Foam Brewers - Burlington Waterfront

Live Music
Soul
Funk
Electronic
Experimental
Jazz
Hip Hop

For the Canadian-American soul-jazz collective Busty and the Bass, collaboration has always been at the forefront of their music. Formed at the Schulich School of Music in Montreal over a decade ago, the group’s collaborative spirit remains at the heart of their most recent studio album, Forever Never Cares.

Over the years, the group has joined forces with legendary artists such as George Clinton, Macy Gray, and Earth Wind & Fire, and worked alongside contemporary collaborators such as Illa J, Terrace Martin, and Amber Navran of Moonchild. Despite such a strong history of partnerships, their third studio album Forever Never Cares reshaped the band’s creative formula and redefined how they worked together a decade into their career.

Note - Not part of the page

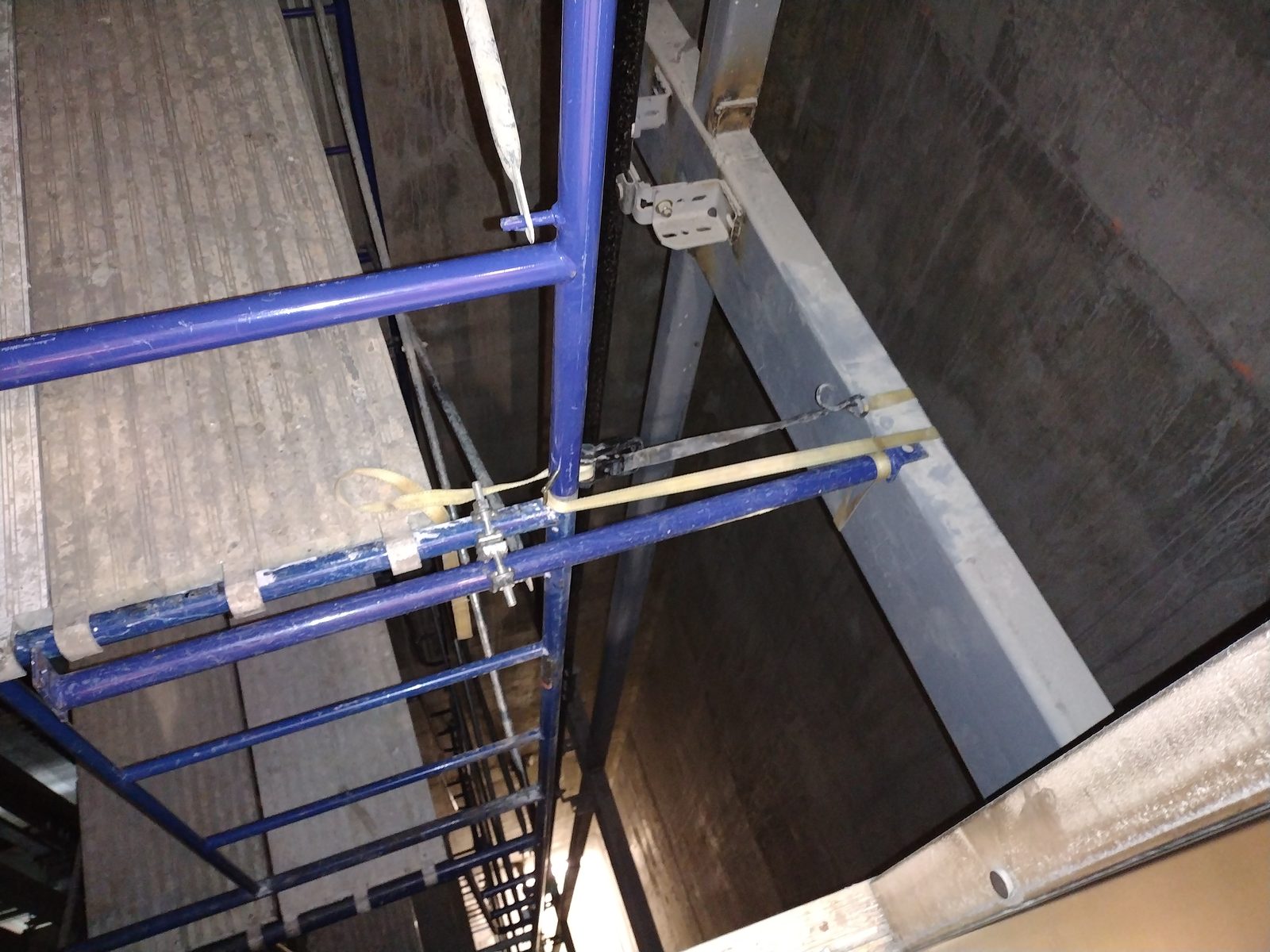 Commercial scaffolding project 24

After a founding member and songwriter left the band in 2022, the collective used the opportunity to re-approach their creative process for the first time in years. Songs would be brought to the group from individual members or smaller formations of two or three members writing together. Interestingly, more voices involved in the songwriting resulted in the group’s most refined output to date.

Two previous studio albums, Uncommon Good (2017) and Eddie (2020), saw the band experiment with genres, effortlessly changing styles song to song, from soul to funk to pop. Forever Never Cares finds the collective both broadening and distilling their influences into a unified sound that is entirely their own. This is due in large part to founding member Christopher Vincent who engineered and mixed the album. Vincent found a sonic language that would compliment all of the ​​disparate genres being stacked atop one another.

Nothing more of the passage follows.